John Rodds Orchestral Maneuvers

“A great-sounding score is really about a great-sounding room, with great music, really well orchestrated, with great musicians playing great instruments,” says scoring mixer and recordist John Rodd. “And what I’ll do is get some great microphones, put them in the right places, and then not screw it up.”

With credits as scoring recordist for the Matrix trilogy, I, Robot, X-Men, and Unfaithful, and studio orchestral recording and engineering credits on tracks for Madonna and Michael Jackson, Rodd is well-honed as an expert when it comes to orchestral recording.


After a degree in media-arts, John Rodd started recording at Manta Sound in Toronto, where he got to record large orchestras. “I enjoyed that,” he explains. “But that type of tracking would happen about once a month and the rest of the time we’d be doing television jingles and records.”

He moved on from Manta to do freelance engineering in England, a stint working at a place called The BANFF Center for the Arts in Canada, and then 10 months recording orchestral sessions at Ocean Way Studios in Los Angeles. Finally, Rodd got hired to be the Staff Recordist for the Newman scoring stage at Twentieth Century Fox.

But after a sizeable stint — seven years — at Fox, Rodd has broken out and launched his own independent orchestral recording and mixing biz: John Rodd — Scoring Mixer. Preferring the variety of working at different studios — or at his well-equipped home studio in L.A. — Rodd gets the best of all worlds now as film composers hire him to go various places to record and mix their music.

“The job at Fox was fantastic,” says Rodd. “But more and more often, composer clients of mine would call asking me to do a string date, or to record and mix a feature film score for them. I enjoy the challenge of the wide variety of projects that I get to record and mix now as an independent — be it a string quartet or a huge orchestra.”

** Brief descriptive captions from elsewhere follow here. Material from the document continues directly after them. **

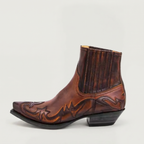 Men’s Burnt Flower Western Boots - Square Toe Chelsea Fit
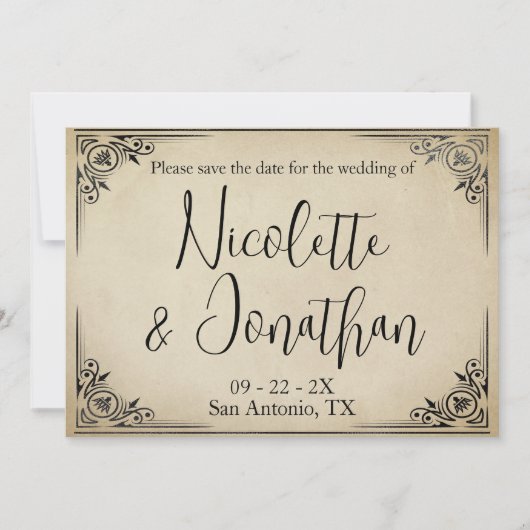 優雅なヴィンテージ結婚式のオフホワイトの羊皮紙 セーブザデート (正面)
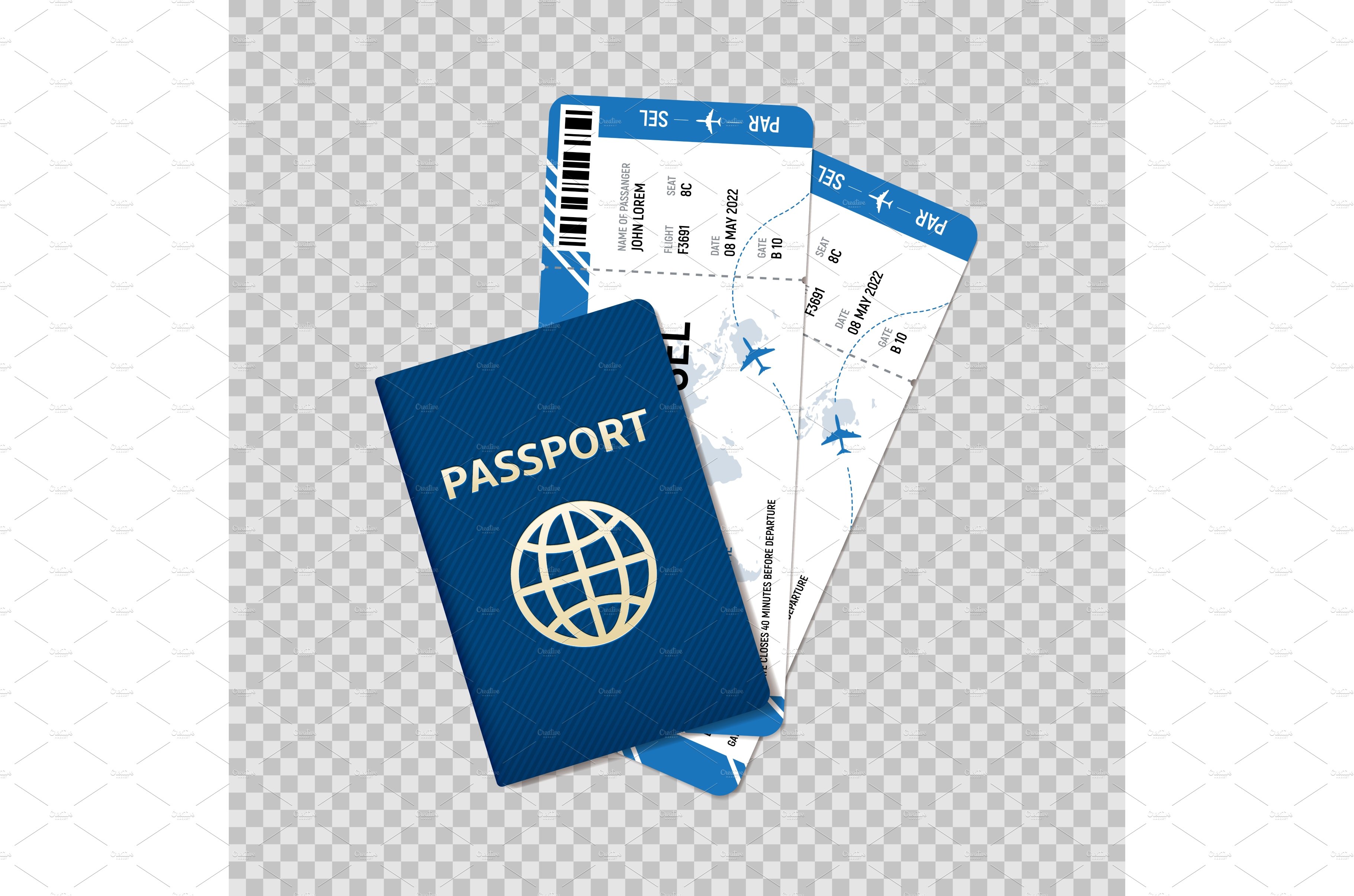 Passport and tickets on plane cover image.
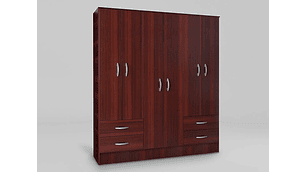 CLOSET CIC MAIPO 6 PUERTAS / 4 CAJONES 180 CM CHOCOLATE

Rodd tends to wear different hats for different projects. “On The Curse of El Charro, I was there recording everything,” he says. “On another feature film project I’m working on called Chasing Ghosts that was composed by Scott Glasgow, an orchestra was recorded in Eastern Europe and I’m just being brought in to mix it.”

So why do people turn to Rodd for recording? “When a composer contacts me, right from the beginning, I’m always very keen to sort out all of the critical, yet sometimes overlooked, technical details in terms of sampling and frame rates, clicks and pre-records,” he says. “I put in a lot of preparation ahead of time so my sessions tend to go really smoothly. With an orchestra in front of you, there’s no time or room for surprises.”


When recording orchestras, Rodd leans toward the standard high-end Neumanns and Sennheisers. “Although sometimes I’ll use Royer ribbon mics on brass sections and so forth,” he says. “Generally, I’ll try to use what’s available at the studio we’re working at. And I’ll bring in whatever additional high-end mics that are needed. That’s always the fun part: balancing out what’s available to what sounds right.”

“I like how the Sennheiser MKH series microphones work either as room or sectional mics on strings,” he adds. “Although the Neumann TLM170s also have a very faithful reproduction as spot mics.”


He is also versed in two of the major DAWs used for film scoring. “I work on a range of projects of different sizes. So if it’s a smaller budget project, a client can give me a hard drive with a series of cues on it and say, ‘Here, mix this — I’m working on the next set of cues.’ And I can pull their files up in Digital Performer and just do it,” says Rodd.

But when it comes to recording, he tends to use Pro Tools. “It seems to be emerging as the new standard for film,” says Rodd.